Shall we - or shall we not? The question of protective masks is causing a lot of confusion in Switzerland. Among the population, but also among experts.
The first question is: What is the benefit of masks? The answer is ... not very simple. Protective masks are relatively effective against droplets. When I sneeze, a mask holds back many droplets that could otherwise fly in someone else's face. Against droplets that I might inhale, the mask also protects relatively well.
The situation is different with aerosols. Aerosols are tiny particles in the air. When I exhale, not only does clear mountain air leave my lungs, but also tiny particles (especially dust particles) that I have inhaled before. A mask filters part of the air I breathe - the rest goes through the cracks between the mask and my face. Whether the aerosols also carry corona viruses, whether I can infect someone like that, we simply do not know yet.
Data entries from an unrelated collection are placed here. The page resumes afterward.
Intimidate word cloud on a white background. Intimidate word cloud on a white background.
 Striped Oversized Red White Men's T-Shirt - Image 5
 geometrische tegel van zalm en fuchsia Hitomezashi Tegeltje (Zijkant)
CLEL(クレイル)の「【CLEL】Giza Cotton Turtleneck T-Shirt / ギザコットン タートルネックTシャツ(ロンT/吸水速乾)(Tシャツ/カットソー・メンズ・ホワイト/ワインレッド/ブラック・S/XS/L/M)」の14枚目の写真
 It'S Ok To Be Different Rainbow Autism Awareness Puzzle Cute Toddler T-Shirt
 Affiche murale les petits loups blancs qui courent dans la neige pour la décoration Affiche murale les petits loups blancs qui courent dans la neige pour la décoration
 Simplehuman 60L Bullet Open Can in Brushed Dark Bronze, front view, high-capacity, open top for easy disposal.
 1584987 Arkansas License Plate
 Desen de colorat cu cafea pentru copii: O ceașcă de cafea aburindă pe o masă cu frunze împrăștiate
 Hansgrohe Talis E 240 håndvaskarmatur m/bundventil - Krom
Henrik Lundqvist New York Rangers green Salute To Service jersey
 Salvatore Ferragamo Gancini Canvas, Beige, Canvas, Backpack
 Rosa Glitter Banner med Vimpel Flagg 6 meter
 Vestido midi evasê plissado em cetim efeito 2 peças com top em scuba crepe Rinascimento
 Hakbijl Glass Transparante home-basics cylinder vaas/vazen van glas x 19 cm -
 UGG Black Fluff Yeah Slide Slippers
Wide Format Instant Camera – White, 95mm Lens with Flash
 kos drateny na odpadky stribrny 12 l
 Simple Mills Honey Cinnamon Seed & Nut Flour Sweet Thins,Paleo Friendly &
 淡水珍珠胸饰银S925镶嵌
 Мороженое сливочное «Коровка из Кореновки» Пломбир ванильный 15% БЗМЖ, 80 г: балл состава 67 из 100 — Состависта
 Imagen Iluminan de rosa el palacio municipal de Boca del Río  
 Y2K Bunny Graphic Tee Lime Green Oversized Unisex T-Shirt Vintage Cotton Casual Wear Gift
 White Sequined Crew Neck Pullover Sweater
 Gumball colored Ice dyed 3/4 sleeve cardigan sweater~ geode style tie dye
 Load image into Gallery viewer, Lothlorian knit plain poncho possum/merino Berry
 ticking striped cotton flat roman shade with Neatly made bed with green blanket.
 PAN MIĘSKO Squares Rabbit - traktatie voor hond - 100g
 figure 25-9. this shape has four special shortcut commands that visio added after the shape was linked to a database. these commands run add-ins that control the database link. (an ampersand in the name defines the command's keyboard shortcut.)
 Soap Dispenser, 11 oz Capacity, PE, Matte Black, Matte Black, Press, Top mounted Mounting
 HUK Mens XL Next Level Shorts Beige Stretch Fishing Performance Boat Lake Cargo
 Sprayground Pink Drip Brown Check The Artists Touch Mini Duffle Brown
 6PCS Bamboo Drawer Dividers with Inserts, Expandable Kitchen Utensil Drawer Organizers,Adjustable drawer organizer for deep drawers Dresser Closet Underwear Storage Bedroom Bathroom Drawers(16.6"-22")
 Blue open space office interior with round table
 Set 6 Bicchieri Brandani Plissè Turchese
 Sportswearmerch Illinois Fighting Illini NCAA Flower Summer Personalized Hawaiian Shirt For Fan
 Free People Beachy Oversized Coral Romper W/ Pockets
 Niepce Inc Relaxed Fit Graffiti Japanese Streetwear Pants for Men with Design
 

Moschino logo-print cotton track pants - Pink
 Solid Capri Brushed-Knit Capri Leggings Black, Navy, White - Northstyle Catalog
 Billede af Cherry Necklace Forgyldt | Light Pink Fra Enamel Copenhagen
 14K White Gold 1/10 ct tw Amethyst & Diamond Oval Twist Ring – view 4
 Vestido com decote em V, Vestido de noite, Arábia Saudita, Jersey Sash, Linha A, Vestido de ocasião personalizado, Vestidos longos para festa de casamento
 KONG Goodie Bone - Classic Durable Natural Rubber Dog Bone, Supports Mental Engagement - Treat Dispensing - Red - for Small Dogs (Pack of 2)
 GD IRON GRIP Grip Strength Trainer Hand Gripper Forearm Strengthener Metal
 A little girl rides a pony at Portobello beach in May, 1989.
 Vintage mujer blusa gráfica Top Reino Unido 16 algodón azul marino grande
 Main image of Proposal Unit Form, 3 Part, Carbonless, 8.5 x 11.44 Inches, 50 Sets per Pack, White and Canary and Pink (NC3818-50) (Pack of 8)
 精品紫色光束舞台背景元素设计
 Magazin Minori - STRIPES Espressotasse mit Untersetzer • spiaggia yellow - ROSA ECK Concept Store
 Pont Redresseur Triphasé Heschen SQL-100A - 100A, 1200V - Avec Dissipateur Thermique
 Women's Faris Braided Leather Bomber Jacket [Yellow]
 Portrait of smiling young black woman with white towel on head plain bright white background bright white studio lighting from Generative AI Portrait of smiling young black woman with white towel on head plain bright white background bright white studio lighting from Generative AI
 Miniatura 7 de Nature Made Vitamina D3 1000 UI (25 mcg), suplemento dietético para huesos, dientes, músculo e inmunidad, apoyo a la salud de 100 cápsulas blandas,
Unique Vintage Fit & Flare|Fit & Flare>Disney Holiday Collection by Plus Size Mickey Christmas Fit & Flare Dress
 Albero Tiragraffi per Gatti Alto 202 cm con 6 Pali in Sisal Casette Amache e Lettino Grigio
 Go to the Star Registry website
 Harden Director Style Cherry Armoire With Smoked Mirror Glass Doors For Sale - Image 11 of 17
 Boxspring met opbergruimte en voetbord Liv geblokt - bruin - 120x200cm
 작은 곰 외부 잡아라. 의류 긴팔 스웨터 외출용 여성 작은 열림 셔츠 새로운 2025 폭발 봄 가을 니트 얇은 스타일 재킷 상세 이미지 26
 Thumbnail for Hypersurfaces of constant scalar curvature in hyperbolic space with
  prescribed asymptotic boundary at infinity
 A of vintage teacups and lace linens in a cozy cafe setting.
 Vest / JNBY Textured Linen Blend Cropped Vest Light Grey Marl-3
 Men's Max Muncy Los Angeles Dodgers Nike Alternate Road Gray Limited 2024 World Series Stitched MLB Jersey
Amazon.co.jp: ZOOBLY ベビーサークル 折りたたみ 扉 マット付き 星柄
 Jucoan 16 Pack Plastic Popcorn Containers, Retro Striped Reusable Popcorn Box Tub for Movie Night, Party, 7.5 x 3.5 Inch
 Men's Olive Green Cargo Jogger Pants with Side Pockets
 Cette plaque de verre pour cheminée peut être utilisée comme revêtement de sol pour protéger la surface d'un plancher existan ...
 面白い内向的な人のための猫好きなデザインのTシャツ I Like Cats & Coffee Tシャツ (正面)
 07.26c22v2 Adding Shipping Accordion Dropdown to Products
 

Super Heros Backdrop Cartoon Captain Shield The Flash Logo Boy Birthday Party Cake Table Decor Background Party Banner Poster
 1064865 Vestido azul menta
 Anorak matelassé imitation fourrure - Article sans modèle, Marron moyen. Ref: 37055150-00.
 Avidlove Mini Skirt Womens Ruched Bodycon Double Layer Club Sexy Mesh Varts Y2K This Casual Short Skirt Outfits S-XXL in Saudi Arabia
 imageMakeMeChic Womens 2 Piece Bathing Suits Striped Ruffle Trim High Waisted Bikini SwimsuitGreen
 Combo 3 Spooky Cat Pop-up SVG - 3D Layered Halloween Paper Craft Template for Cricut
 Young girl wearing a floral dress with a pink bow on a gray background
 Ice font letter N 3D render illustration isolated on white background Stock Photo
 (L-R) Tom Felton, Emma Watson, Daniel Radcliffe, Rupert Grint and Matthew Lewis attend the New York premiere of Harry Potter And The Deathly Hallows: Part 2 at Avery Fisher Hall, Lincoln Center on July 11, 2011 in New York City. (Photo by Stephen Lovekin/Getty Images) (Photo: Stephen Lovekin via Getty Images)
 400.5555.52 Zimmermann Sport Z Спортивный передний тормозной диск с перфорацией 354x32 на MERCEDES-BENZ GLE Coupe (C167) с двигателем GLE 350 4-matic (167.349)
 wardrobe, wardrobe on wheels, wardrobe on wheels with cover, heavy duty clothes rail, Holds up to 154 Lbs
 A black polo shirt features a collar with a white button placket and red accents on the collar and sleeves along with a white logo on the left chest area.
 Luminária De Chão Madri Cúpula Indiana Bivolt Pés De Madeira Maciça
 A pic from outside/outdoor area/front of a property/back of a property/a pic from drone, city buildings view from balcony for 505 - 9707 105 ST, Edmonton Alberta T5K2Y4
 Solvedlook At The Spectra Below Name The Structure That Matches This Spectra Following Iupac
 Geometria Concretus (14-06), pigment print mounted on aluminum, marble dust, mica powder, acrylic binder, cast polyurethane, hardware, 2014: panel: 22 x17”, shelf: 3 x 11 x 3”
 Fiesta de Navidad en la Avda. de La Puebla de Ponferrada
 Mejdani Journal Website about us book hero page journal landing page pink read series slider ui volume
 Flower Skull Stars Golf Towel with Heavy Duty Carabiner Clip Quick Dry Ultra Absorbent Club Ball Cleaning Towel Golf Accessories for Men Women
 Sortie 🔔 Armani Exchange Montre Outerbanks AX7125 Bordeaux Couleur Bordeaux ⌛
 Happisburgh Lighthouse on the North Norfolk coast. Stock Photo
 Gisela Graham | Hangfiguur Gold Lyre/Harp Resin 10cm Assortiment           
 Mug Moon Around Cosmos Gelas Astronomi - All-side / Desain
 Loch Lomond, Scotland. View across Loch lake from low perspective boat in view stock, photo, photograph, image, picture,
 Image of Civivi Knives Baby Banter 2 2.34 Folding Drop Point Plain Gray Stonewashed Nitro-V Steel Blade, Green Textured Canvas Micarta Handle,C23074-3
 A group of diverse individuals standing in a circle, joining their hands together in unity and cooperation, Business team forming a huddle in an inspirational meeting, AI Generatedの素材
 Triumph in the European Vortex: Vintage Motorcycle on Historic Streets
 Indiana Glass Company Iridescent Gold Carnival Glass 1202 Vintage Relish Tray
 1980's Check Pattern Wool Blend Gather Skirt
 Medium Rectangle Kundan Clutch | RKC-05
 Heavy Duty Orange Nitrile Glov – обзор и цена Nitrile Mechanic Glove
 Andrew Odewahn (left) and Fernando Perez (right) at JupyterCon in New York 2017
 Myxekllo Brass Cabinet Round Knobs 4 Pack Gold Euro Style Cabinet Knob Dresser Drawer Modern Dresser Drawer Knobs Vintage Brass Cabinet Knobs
That's the problem with Covid-19: There is a lot we don't know yet.
So masks are certainly of some use, but how much is not clear. In such cases, people in Switzerland like to say, "Use it, it's worth it", and play it safe. Nevertheless, the federal government has not (yet) made masks compulsory. For two reasons.
Firstly, there is no infinite amount of masks. Already today, around 2 million masks are consumed every day - mainly by doctors, nurses, midwives, Spitex collaborators and others who urgently need them. If the population also buys masks en masse, there may be too few in the end, and this might have dramatical results. In Switzerland, we definitely don't want to see pictures of doctors and nurses who have to protect themselves with improvised pseudo-masks because they don't get real ones.
The second problem is that masks can give a false sense of security. All of a sudden you keep less distance, wash your hands less thoroughly, touch your face more or stay at home less. Hygiene and staying at home are the best and safest ways to keep safe.
Whether you wear a mask or not, it is certain that we will need a lot of masks. The federal government expects that we will need about 135 million masks during the pandemic - just for medical staff. If the entire population is to wear masks, we will even need 360 million! Researchers are therefore working flat out to develop new masks that offer even better protection and can be used for longer.
At Empa, for example, Professor René Rossi is testing virus-repellent coatings and sterilization methods which extend the life of the masks. Special membranes which are impermeable to the virus are also being investigated at Empa. Rossi and his team are currently working practically day and night. I wish them every success!